Segunda-feira, 29 Abril

«Nader and Simin, A Separation» (Uma Separação) por Inês Monteiro

 

“Uma Separação” abre com a exposição de um casal a um juiz que não se vê. Simin e Nader estão casados há 14 anos. Simin quer deixar Teerão e proporcionar à sua filha Termeh, de 11 anos, um crescimento em condições mais justas. Nader recusa-se a deixar o país porque tem a seu cargo o pai com Alzeihmer. Daí, decidem separar-se, mas Simin não chegará a deixar o Irão, pelo menos durante o tempo em que o filme decorre, já que a sua filha se recusa em ir com ela. Simin muda-se para a casa da mãe e Nader vê-se obrigado a contratar uma pessoa para cuidar do seu pai. Razieh, uma mulher tradicional da classe baixa, chega a casa de Nader com uma filha pela mão e outra que esconde dentro de si. O trabalho demasiado pesado, fá-la ter vários acidentes que levam Nader a despedi-la. Adensa-se então a luta de classes, de género e crenças religiosas. Não há certo nem errado, não há preto nem branco, mas um debate onde vários pontos de vista são expostos. Cada um defende a sua razão, num enredo complexo onde pequenas decisões têm grandes repercussões.
 
Razieh vê-se oprimida pelas suas crenças durante todo o processo. Logo no início, telefona para uma linha de apoio islâmica, para saber se é pecado ajudar o pobre idoso a despir-se. No fim, é de novo o seu receio em arder no inferno que a deixa manchada de vergonha perante a sua família.
 
A preocupação central de Nader é ser visto como um homem sensato e justo aos olhos da filha. É ela quem assiste a tudo e quem tem nas mãos a injusta decisão que lhe cabe tomar, num dos finais em aberto mais belos da História do Cinema.
 
A simpatia é reservada justamente às crianças desprotegidas – que se vêem a crescer num mundo de injustiças sociais e politicamente incorrecto – e ao idoso que perdeu a memória, e que é portanto poupado na trama. Mesmo depois de Razieh o amarrar a uma cama, Nader não consegue fazê-lo passar pelo exame, que o ajudaria a provar os maus tratos sofridos pelo pai.
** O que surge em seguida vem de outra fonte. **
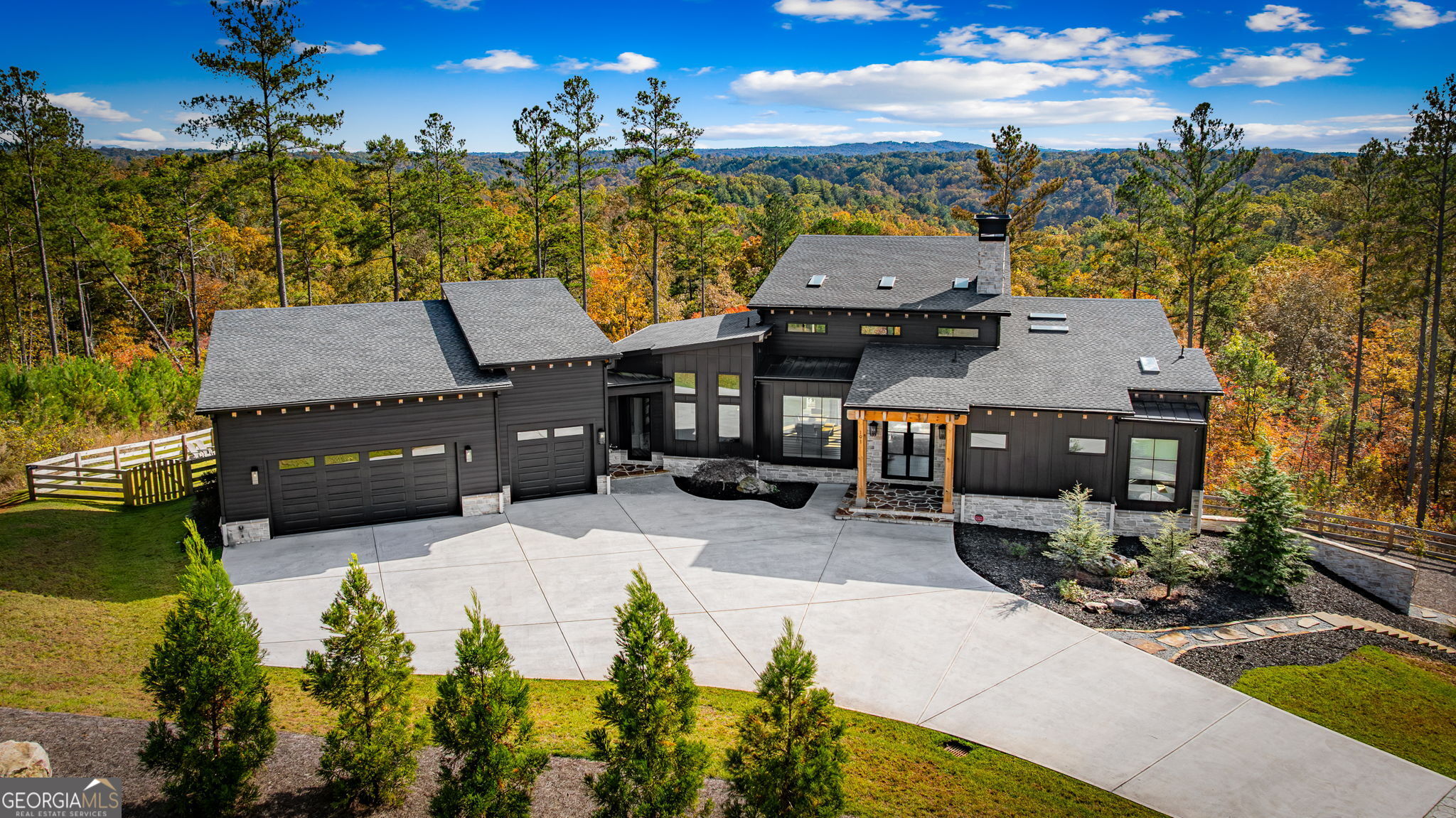 Ellijay, Georgia, 30540, United States, 4 Bedrooms Bedrooms, ,3 BathroomsBathrooms,Residential,Active,1986866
Nader não quer expô-lo, do alto da sua fragilidade e inconsciência, à sujidade deste processo. O seu pai é sagrado. 
 
O desespero de Nader é poucas vezes revelado, já que o seu carácter é forte e decidido, mas na cena em que lava o pai – um peso quase morto preso a uma cadeira de rodas – deixa cair a sua máscara. Não sabemos sequer se Nader tem consciência da forma violenta com que tratou Razieh. A sua integridade fica expressa desde o início, quando Simin lhe diz – “O teu pai nem sequer te conhece” – ao que ele lhe responde – “Mas eu conheço-o”.
 
“Uma Separação” é sobre as relações sociais em Teerão, um mundo que muitas vezes pensamos estar tão longe do nosso, mas onde os casais também se separam e as pessoas sofrem de Alzheimer.
 
Já galardoado em inúmeros festivais, recebeu o Urso de Ouro para Melhor Filme no Festival de Berlim, de onde também saíram vencedoras as interpretações de Peyman Moaadi, Leila Hatami, Sareh Bayat e Shahab Hosseini. Termeh foi magnificamente interpretada pela própria filha do realizador, Sarina Farhadi. A caracterização dos actores é fortíssima, suportada por um argumento também escrito por Asghar Farhadi.
 
É este cinema jovem, de cariz mais social do que político, que se segue aos grandes nomes de Kiarostami e Panahi. Com o seu já quinto filme, Farhadi acaba de entrar para a família e as cenas dentro de carros são certamente uma homenagem ao seu compatriota mais antigo.